> [What you are asked to do]: Using the material below, return exactly the lines between the one holding "Baby Bump Club Series Books 1-12" and the one holding "the greatest loser", inclusive, and no others.

** Extracted information follows **

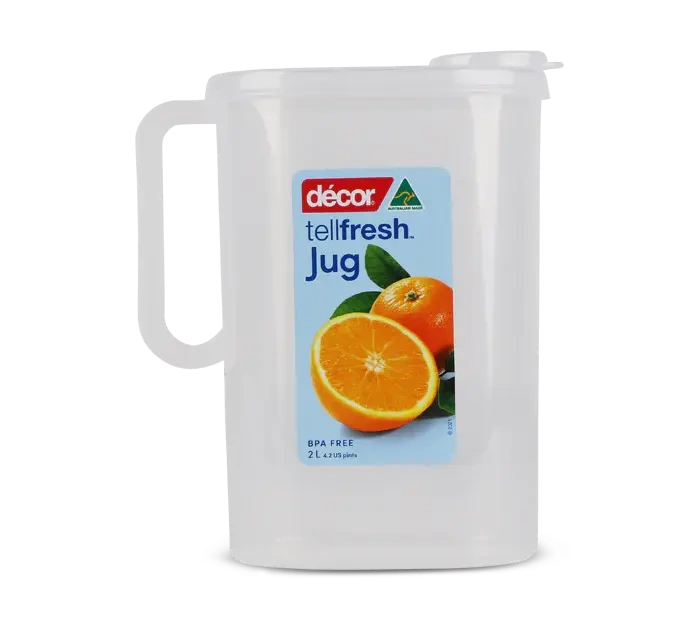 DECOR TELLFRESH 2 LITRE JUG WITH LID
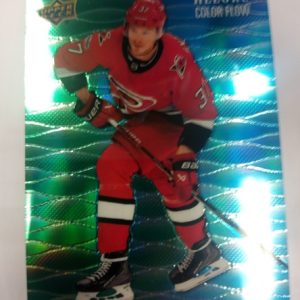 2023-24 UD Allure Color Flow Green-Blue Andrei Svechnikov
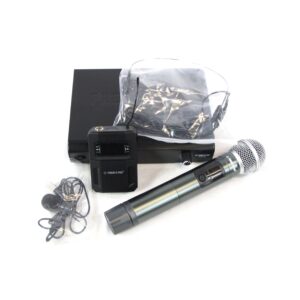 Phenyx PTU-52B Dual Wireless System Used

** End of Extracted information **
** Extracted information follows **

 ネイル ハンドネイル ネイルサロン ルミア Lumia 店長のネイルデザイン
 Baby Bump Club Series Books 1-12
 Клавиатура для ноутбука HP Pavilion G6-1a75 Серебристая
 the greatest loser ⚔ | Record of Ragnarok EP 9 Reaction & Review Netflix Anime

** End of Extracted information **

> [Solution for this exercise]:
 Baby Bump Club Series Books 1-12
 Клавиатура для ноутбука HP Pavilion G6-1a75 Серебристая
 the greatest loser ⚔ | Record of Ragnarok EP 9 Reaction & Review Netflix Anime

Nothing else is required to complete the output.